Quelle: www.landesmuseum.ch
Ebenso einen nicht allzu historischen Bezug verfolgt die Ausstellung "Postmodernism. Style and Subversion 1970–1990". Die Musik von Michael Jackson, Prince und den üblichen Verdächtigen springt dem Besucher schon beim Eintreten mitten durchs emotionale Gedächtnis und befördert die ganze Stimmung gleich in diese seltsame Epoche: die Postmoderne.

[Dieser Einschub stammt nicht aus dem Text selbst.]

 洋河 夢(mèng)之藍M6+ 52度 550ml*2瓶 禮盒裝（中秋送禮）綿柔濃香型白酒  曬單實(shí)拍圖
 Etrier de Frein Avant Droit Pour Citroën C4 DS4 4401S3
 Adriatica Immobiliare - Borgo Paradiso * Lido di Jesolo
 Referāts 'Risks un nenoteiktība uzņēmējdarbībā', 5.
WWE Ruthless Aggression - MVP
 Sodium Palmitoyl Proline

Was ist das? Sinnéad O'Connors "Nothing compares" zu seltsamen Architekturauswüchsen? Knallbunte, nicht umsetzbare Design-Prototypen neben dem "Lauf der Dinge" von Fischli/Weiss? (Letzteres übrigens immer wieder faszinierend anzuschauen!) Pop, Show, Glitzer und zum Schluss eine 2000 Jahre alte, sauwertvolle Vase, von Ai Wei Wei mit dem Schriftzug von Coca Cola bemalt?

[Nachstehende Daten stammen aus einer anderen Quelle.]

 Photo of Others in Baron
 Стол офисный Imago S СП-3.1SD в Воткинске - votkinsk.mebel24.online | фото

Ja, auch nach dem Besuch der Ausstellung rätselt der Besucher weiter, was diese Epoche eigentlich kennzeichnet. Diese Epoche, die für die heute Jungen schon etwas Ältliches verströmt, ja bereits brühwarm erinnerte Geschichte darstellt. Die also vorbei ist und in ihrer absoluten Verrücktheit doch nicht benennbar wird. Damit scheinen schliesslich selbst die Experten so ihre Mühe zu haben:



Vielleicht war die Postmoderne eher ein Lebensgefühl denn ein stringentes Programm. Die Vielzahl an Dingen nebeneinander, das Zitieren und hämische Spiel mit dem Ernst der Moderne? Dann: ein Hologramm von Boy George. Grünlich-lebendig hängt er im Museum, schaut mit ausdruckslosen Augen in deine Richtung und doch - durch dich hindurch. Die Gleichgültigkeit im Chaos. Das Selbstverständnis dessen Beherrschung.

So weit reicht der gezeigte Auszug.